Pour me faciliter la tâche, je suis allé puiser dans une oeuvre à moi, ancienne et méconnue. Quand j’étais adolescent et jeune adulte, j’ai écrit et animé pendant des années un jeu de rôle de space opera baptisé « Kocmoc », qui a connu de nombreuses moutures. Il racontait l’exploration de l’espace par les Soviétiques au 24e siècle. J’ai récemment écrit une nouvelle version, pour mon système META, où je débarrassais l’univers de toutes ses fioritures afin d’en faire un jeu rétrofuturiste et un peu sarcastique, très concentré sur son thème central.

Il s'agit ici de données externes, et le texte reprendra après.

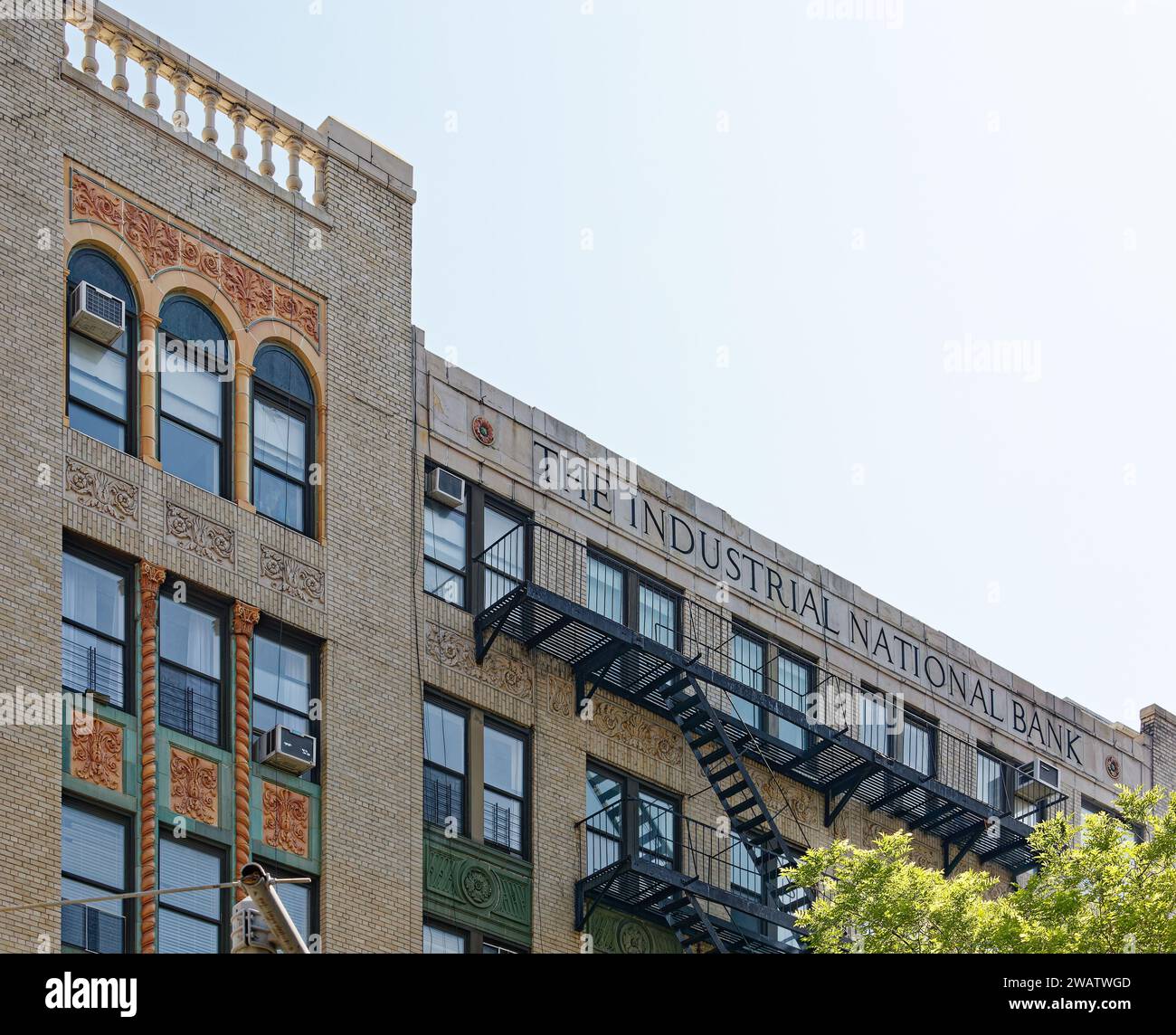 Industrial National Bank a construit ce bâtiment emblématique de six étages en brique et terre cuite sur une base calcaire de double hauteur – toujours occupée par une banque. Banque D'Images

Mais à l’époque, Kocmoc, c’était un jeu bien plus large, avec d’innombrables espèces extraterrestres, mais aussi des cyborgs, des mutants, des moines combattants de l’espace qui s’appellent les Accomplis, etc… Tout ce que j’ai retiré du jeu, j’ai décidé de m’en servir comme source d’inspiration pour donner du corps à mon nouveau roman. Essentiellement, dès que je me pose une question sur la manière de nommer un objet, sur une technologie, etc… je me souviens de ce que j’ai créé à l’époque, si ça me convient, je garde, si ça convient à moitié, je prends ça comme base et si ça ne fait pas l’affaire, j’invente autre chose.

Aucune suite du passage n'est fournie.